▶ What you are asked to do
Using the listing below, copy exactly the lines from the one containing "Faux ongles dégradé" to the one containing "Why Warren Buffett's", both lines included, and no others.
---- Entries provided
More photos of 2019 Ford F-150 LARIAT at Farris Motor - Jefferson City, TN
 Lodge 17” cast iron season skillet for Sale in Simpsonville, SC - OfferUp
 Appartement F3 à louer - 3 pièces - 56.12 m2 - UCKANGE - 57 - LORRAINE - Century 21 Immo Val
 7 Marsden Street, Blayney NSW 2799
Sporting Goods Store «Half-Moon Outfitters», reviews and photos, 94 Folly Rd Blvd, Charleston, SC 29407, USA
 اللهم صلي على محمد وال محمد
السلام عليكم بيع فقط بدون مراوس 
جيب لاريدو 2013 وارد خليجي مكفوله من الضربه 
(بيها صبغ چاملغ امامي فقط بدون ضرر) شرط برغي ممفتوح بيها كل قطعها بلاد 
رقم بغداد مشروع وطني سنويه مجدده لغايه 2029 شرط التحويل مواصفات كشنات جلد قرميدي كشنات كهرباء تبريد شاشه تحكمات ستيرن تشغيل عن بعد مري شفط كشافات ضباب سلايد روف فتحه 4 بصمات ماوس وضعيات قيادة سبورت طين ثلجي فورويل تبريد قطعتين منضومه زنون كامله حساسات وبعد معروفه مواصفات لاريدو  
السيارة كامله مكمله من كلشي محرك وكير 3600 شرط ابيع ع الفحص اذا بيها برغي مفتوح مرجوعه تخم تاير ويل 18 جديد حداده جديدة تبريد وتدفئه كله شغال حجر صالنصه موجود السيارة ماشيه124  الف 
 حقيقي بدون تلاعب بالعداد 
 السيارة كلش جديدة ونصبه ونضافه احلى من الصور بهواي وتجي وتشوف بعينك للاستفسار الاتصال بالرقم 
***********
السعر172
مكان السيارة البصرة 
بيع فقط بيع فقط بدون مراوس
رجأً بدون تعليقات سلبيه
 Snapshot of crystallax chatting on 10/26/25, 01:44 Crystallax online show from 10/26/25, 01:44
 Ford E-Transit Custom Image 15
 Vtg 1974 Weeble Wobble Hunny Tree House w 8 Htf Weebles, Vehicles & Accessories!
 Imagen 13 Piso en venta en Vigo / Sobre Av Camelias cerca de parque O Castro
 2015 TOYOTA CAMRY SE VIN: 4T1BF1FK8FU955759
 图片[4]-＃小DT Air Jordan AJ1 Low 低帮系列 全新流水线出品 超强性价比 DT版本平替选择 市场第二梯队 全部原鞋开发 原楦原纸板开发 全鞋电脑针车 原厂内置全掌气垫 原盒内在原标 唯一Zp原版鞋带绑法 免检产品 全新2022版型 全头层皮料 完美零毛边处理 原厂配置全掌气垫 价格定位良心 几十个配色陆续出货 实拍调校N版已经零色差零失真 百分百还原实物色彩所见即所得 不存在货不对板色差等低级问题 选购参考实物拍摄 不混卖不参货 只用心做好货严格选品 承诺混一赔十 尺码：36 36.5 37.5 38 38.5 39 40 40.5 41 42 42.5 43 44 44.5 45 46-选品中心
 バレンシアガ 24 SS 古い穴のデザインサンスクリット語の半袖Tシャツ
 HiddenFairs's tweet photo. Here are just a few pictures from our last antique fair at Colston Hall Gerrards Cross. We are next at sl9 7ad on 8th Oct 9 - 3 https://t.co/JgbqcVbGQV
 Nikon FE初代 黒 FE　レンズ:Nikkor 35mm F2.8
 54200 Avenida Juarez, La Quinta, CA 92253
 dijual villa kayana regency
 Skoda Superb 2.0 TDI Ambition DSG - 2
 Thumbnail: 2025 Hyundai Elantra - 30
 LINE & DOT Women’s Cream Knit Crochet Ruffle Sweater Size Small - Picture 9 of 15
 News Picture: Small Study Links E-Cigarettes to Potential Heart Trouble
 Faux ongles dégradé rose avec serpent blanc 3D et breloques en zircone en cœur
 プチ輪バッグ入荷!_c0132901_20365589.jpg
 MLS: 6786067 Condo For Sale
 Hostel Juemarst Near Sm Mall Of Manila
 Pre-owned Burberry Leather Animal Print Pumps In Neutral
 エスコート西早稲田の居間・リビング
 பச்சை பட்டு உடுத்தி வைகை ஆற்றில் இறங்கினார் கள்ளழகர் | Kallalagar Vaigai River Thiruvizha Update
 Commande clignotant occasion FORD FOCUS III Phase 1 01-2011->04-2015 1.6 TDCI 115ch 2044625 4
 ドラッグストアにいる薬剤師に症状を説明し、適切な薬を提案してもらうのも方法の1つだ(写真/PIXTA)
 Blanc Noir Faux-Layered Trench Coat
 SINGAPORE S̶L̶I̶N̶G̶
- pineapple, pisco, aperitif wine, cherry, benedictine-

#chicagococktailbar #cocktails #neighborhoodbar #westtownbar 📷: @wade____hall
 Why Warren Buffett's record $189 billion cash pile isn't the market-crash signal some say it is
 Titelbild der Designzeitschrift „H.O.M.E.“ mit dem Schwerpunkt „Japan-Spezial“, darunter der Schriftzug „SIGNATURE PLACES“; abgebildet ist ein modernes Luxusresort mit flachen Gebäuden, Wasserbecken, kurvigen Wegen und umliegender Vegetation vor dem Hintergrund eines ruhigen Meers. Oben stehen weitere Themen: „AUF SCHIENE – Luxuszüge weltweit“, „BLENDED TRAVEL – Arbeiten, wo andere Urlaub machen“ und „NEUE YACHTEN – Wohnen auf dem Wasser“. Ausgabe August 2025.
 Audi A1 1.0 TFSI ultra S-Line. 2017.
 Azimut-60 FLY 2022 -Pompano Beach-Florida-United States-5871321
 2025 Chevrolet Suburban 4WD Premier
--------
▶ Reply to the exercise
 Faux ongles dégradé rose avec serpent blanc 3D et breloques en zircone en cœur
 プチ輪バッグ入荷!_c0132901_20365589.jpg
 MLS: 6786067 Condo For Sale
 Hostel Juemarst Near Sm Mall Of Manila
 Pre-owned Burberry Leather Animal Print Pumps In Neutral
 エスコート西早稲田の居間・リビング
 பச்சை பட்டு உடுத்தி வைகை ஆற்றில் இறங்கினார் கள்ளழகர் | Kallalagar Vaigai River Thiruvizha Update
 Commande clignotant occasion FORD FOCUS III Phase 1 01-2011->04-2015 1.6 TDCI 115ch 2044625 4
 ドラッグストアにいる薬剤師に症状を説明し、適切な薬を提案してもらうのも方法の1つだ(写真/PIXTA)
 Blanc Noir Faux-Layered Trench Coat
 SINGAPORE S̶L̶I̶N̶G̶
- pineapple, pisco, aperitif wine, cherry, benedictine-

#chicagococktailbar #cocktails #neighborhoodbar #westtownbar 📷: @wade____hall
 Why Warren Buffett's record $189 billion cash pile isn't the market-crash signal some say it is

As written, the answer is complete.